Closed lanxing2 closed 2 months ago
DolphinScheduler Version 3.2.1 When stop a Process with Flink Task in CLUSTER Mode, dolphinscheduler will kill the flink job yarn application first. YarnApplicationManager.execYarnKillCommand will be invoke, and the Yarn Kill Command Will failed with error cannot find command yarn
[ERROR] 2024-07-03 10:16:53.690 +0800 - Kill yarn application [[application_1714114694986_0041]] failed
org.apache.dolphinscheduler.common.shell.AbstractShell$ExitCodeException: /tmp/dolphinscheduler/exec/process/default/13289909089664/13776450314784_11/190/200/application_1714114694986_0041.kill:行6: yarn:未找到命令
at org.apache.dolphinscheduler.common.shell.AbstractShell.runCommand(AbstractShell.java:205)
at org.apache.dolphinscheduler.common.shell.AbstractShell.run(AbstractShell.java:118)
at org.apache.dolphinscheduler.common.shell.ShellExecutor.execute(ShellExecutor.java:125)
at org.apache.dolphinscheduler.common.shell.ShellExecutor.execCommand(ShellExecutor.java:103)
at org.apache.dolphinscheduler.common.shell.ShellExecutor.execCommand(ShellExecutor.java:86)
at org.apache.dolphinscheduler.common.utils.OSUtils.exeShell(OSUtils.java:345)
at org.apache.dolphinscheduler.common.utils.OSUtils.exeCmd(OSUtils.java:334)
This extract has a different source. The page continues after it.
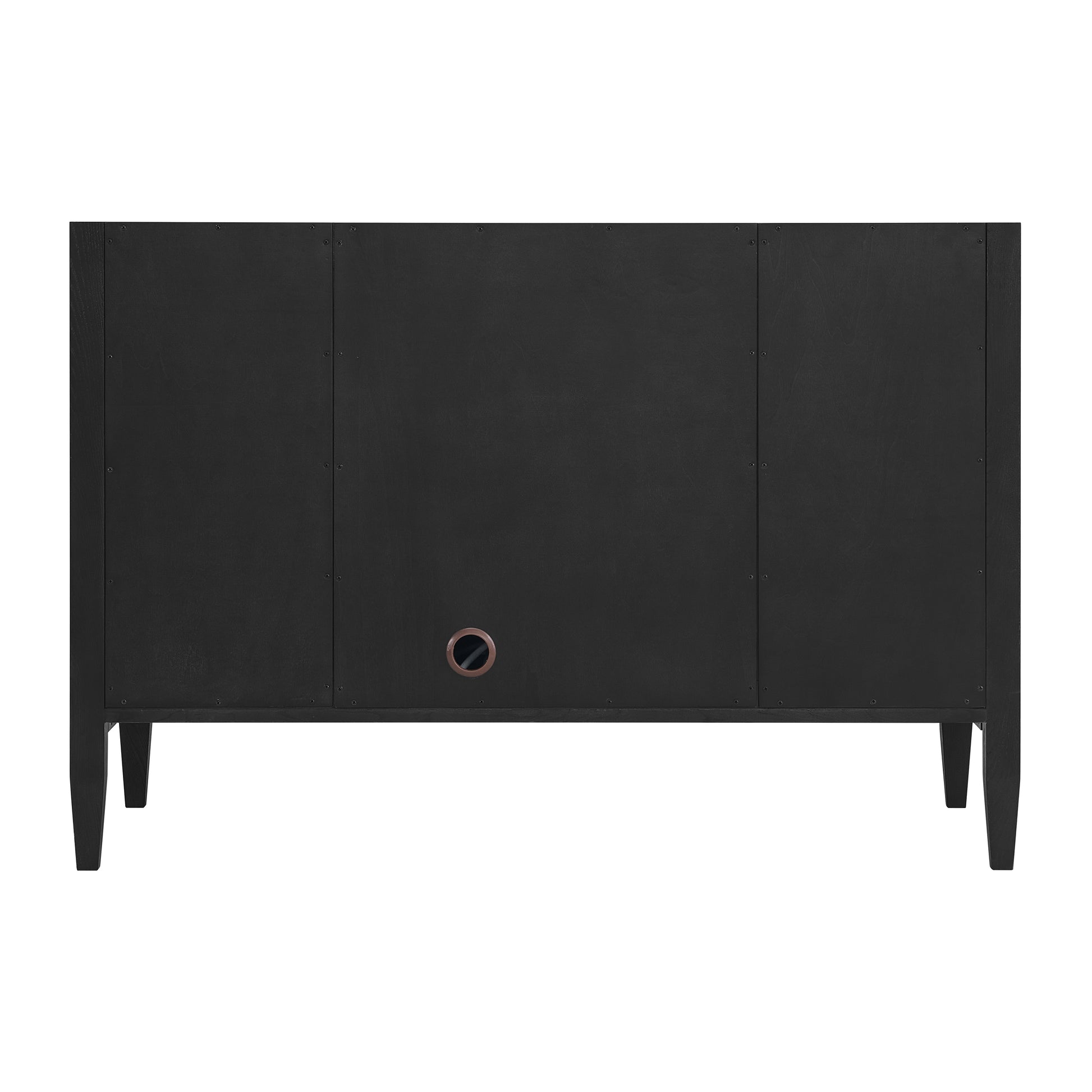 Renovate for Less Atlanta Myrrin 48" Single Vanity, Carbon Oak w/ 3 CM Parisien Bleu Silestone Top w/FreePower Wireless Charger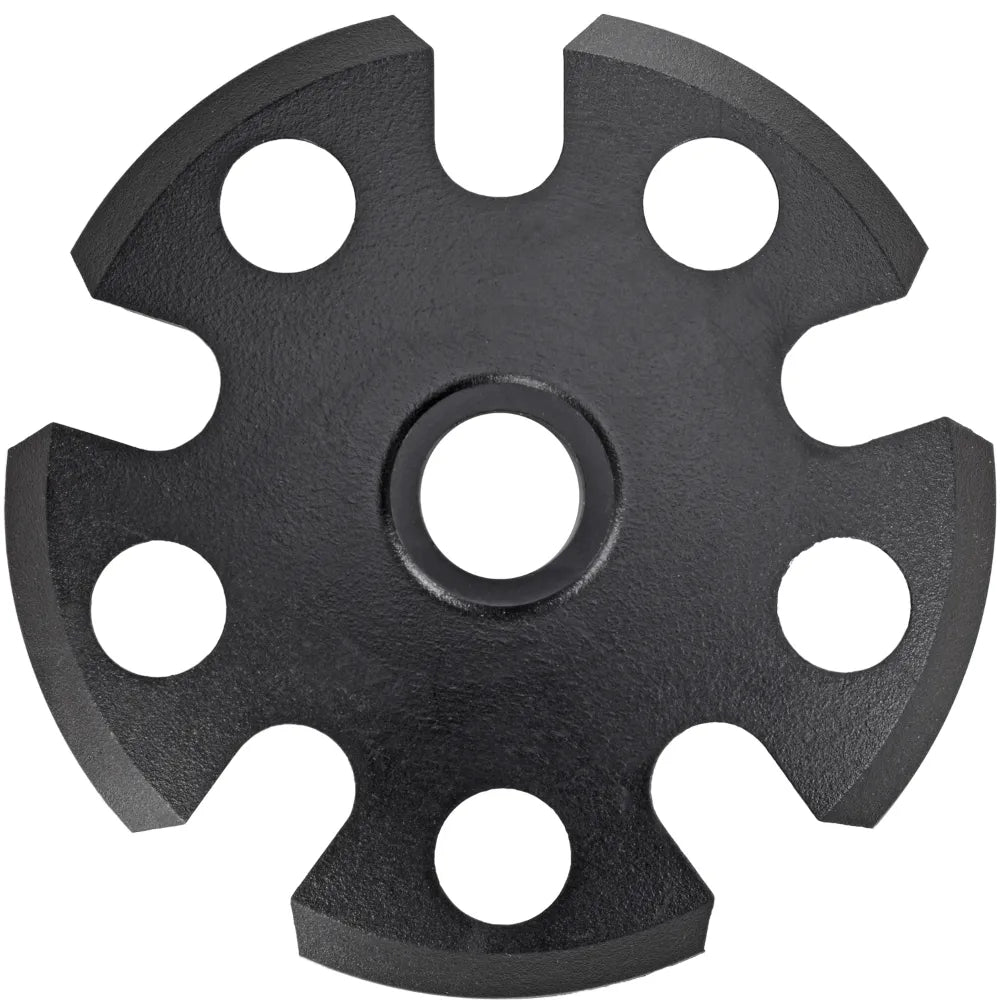 LEKI Tour Snowflake Basket 95MM in black, large replacement ski pole baskets designed for touring, powder and deep snow.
at org.apache.dolphinscheduler.plugin.task.api.am.YarnApplicationManager.execYarnKillCommand(YarnApplicationManager.java:89)
at org.apache.dolphinscheduler.plugin.task.api.am.YarnApplicationManager.killApplication(YarnApplicationManager.java:48)
at org.apache.dolphinscheduler.plugin.task.api.utils.ProcessUtils.cancelApplication(ProcessUtils.java:192)
at org.apache.dolphinscheduler.server.worker.runner.operator.TaskInstanceKillOperationFunction.doKill(TaskInstanceKillOperationFunction.java:100)
at org.apache.dolphinscheduler.server.worker.runner.operator.TaskInstanceKillOperationFunction.operate(TaskInstanceKillOperationFunction.java:69)
at org.apache.dolphinscheduler.server.worker.rpc.TaskInstanceOperatorImpl.killTask(TaskInstanceOperatorImpl.java:49)
at sun.reflect.NativeMethodAccessorImpl.invoke0(Native Method)
at sun.reflect.NativeMethodAccessorImpl.invoke(NativeMethodAccessorImpl.java:62)
at sun.reflect.DelegatingMethodAccessorImpl.invoke(DelegatingMethodAccessorImpl.java:43)
at java.lang.reflect.Method.invoke(Method.java:498)
at org.apache.dolphinscheduler.extract.base.server.ServerMethodInvokerImpl.invoke(ServerMethodInvokerImpl.java:41)
at org.apache.dolphinscheduler.extract.base.server.JdkDynamicServerHandler.lambda$processReceived$0(JdkDynamicServerHandler.java:108)
at java.util.concurrent.ThreadPoolExecutor.runWorker(ThreadPoolExecutor.java:1149)
at java.util.concurrent.ThreadPoolExecutor$Worker.run(ThreadPoolExecutor.java:624)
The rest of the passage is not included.